Records to process Block Start
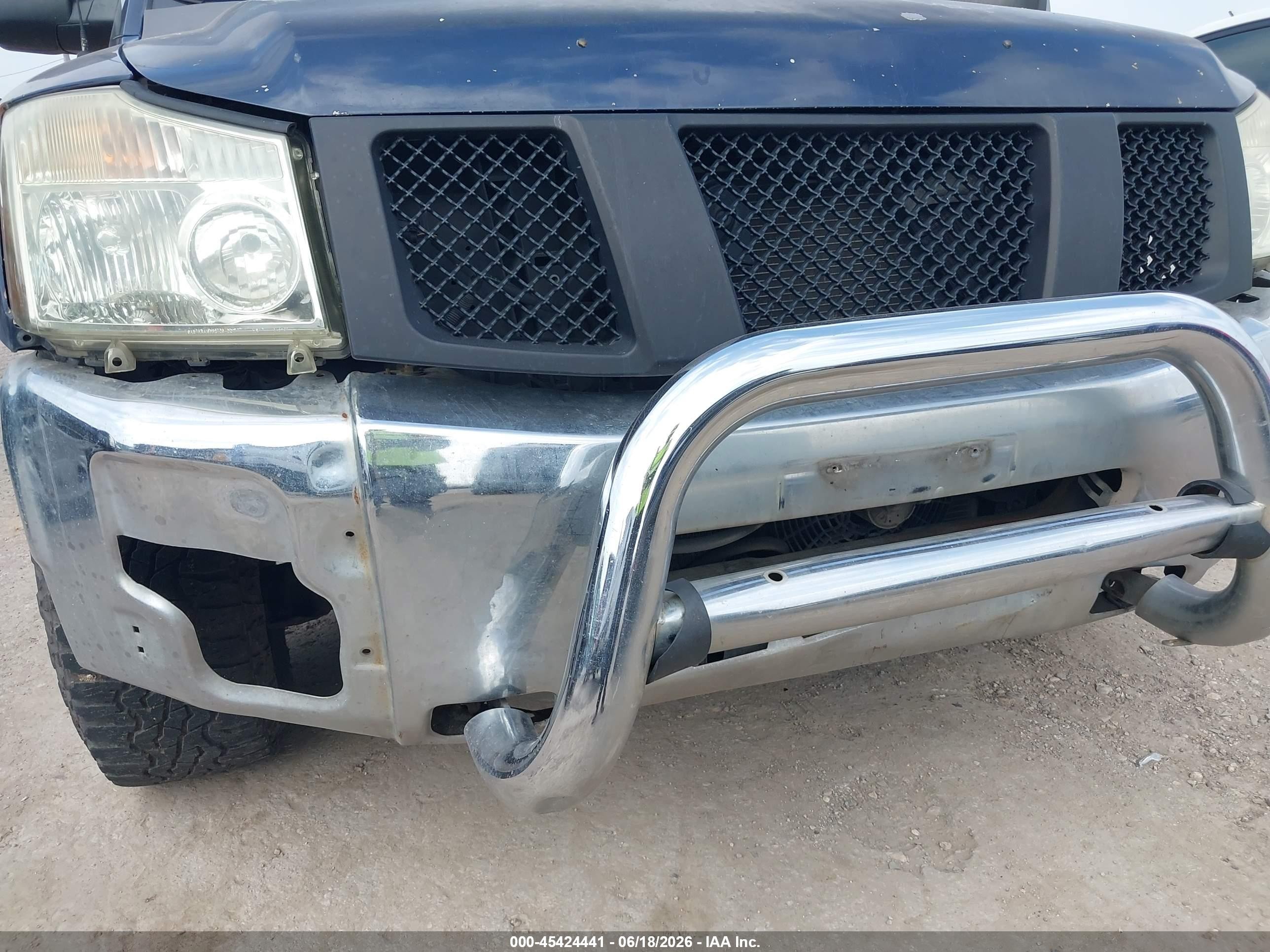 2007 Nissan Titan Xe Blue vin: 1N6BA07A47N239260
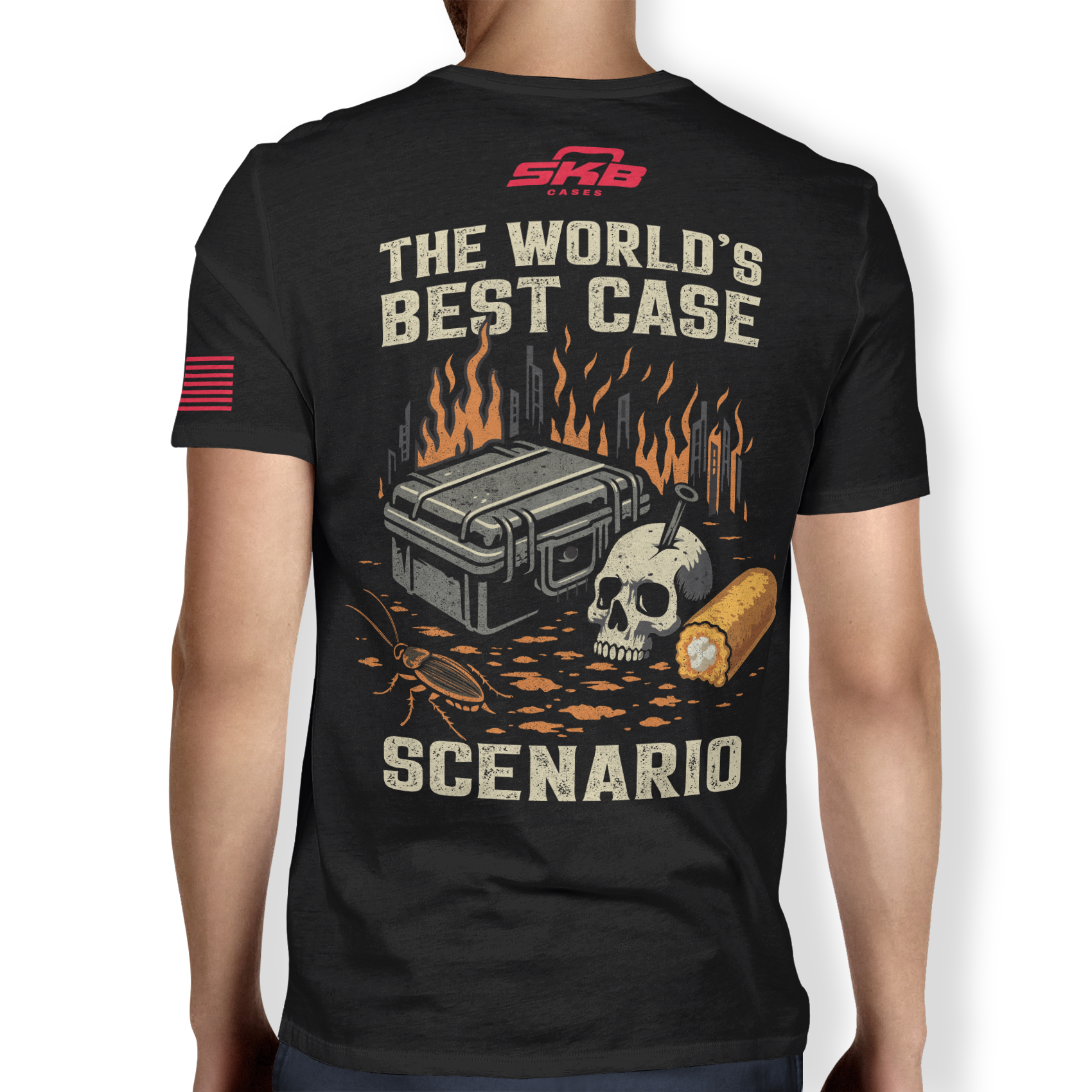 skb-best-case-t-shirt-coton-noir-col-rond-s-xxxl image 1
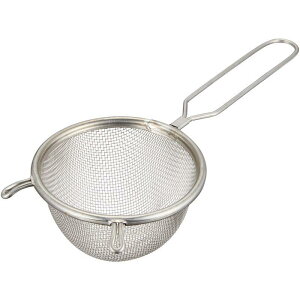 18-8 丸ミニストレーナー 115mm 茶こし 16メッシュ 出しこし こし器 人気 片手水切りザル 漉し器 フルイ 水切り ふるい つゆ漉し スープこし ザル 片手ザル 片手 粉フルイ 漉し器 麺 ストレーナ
Records to process Block End
Records to process Block Start
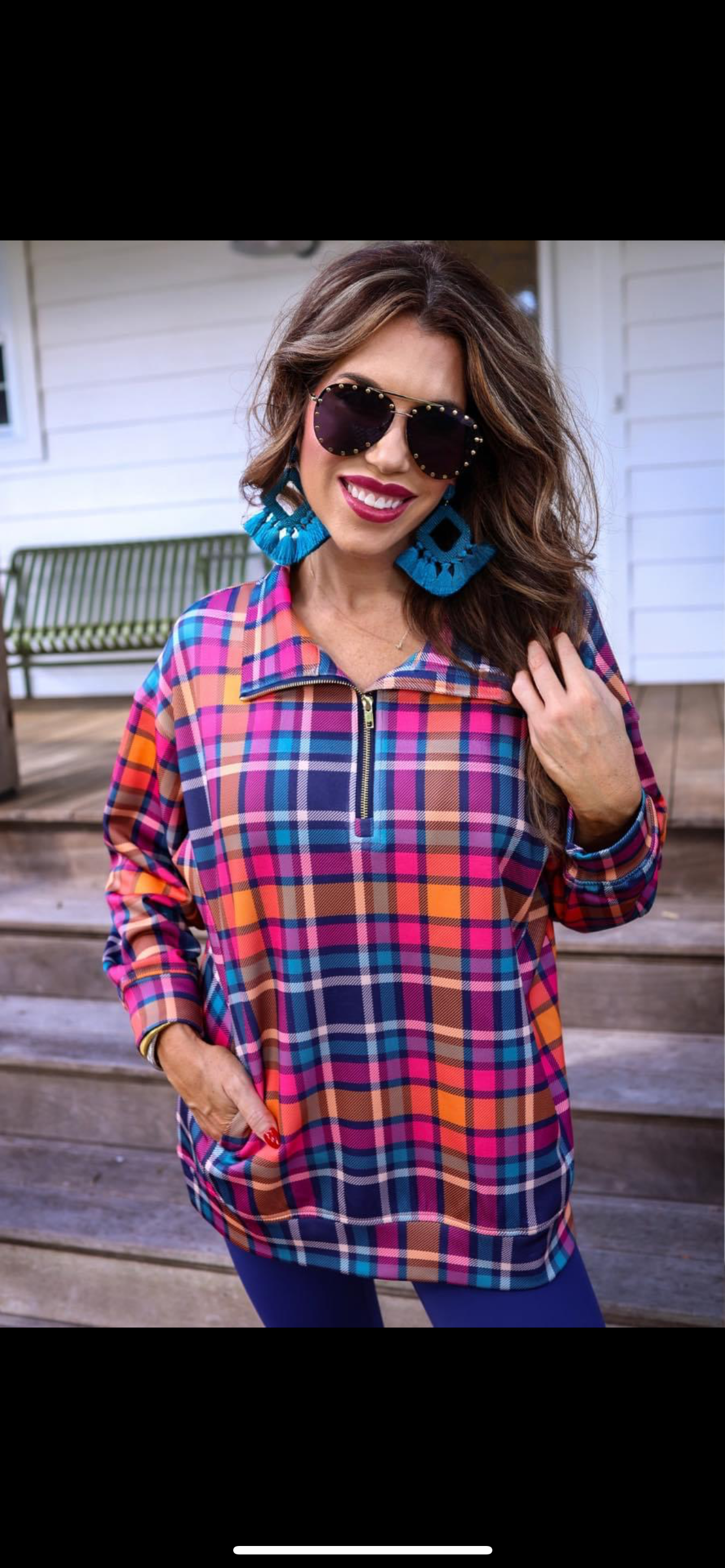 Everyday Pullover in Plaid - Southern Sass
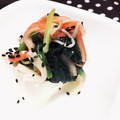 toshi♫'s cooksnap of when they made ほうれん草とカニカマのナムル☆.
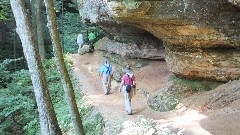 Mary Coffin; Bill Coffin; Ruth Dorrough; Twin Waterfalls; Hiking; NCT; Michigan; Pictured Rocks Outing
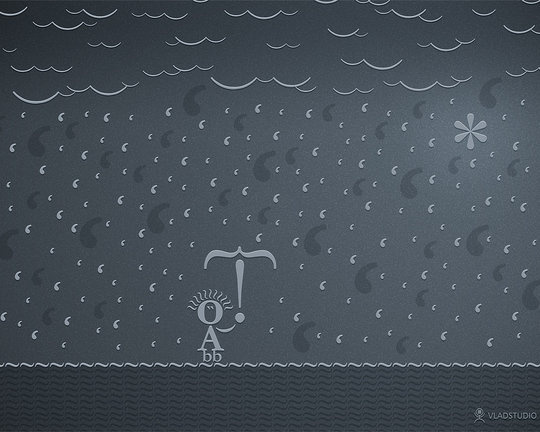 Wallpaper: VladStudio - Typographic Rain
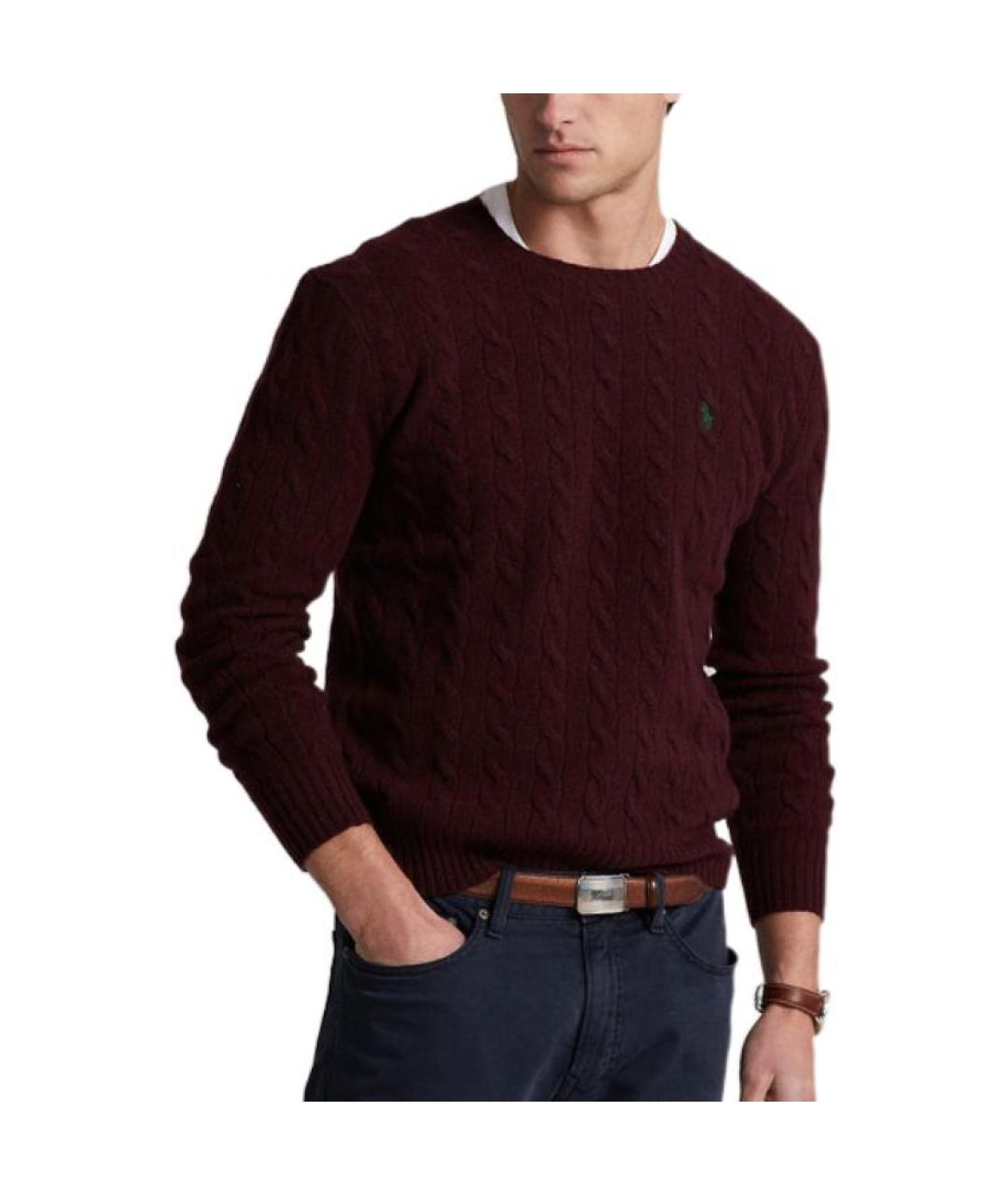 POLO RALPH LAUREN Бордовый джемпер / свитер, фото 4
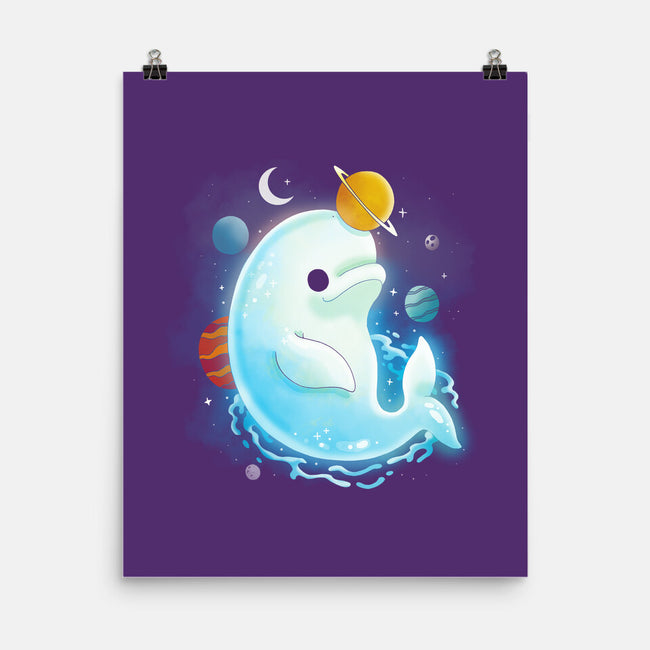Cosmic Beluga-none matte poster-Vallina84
Records to process Block End
Records to process Block Start
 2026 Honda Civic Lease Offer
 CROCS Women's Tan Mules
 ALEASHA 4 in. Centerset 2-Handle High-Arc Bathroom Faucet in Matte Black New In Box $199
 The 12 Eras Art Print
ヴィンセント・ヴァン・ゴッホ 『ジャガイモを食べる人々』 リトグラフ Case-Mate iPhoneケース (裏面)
Records to process Block End
Take only the lines above from the one that has "skb-best-case-t-shirt-coton-noir-col-rond-s-xxxl image 1" through the one that has "18-8 丸ミニストレーナー 115mm" and reproduce them exactly, omitting any pictures.

 skb-best-case-t-shirt-coton-noir-col-rond-s-xxxl image 1
 18-8 丸ミニストレーナー 115mm 茶こし 16メッシュ 出しこし こし器 人気 片手水切りザル 漉し器 フルイ 水切り ふるい つゆ漉し スープこし ザル 片手ザル 片手 粉フルイ 漉し器 麺 ストレーナ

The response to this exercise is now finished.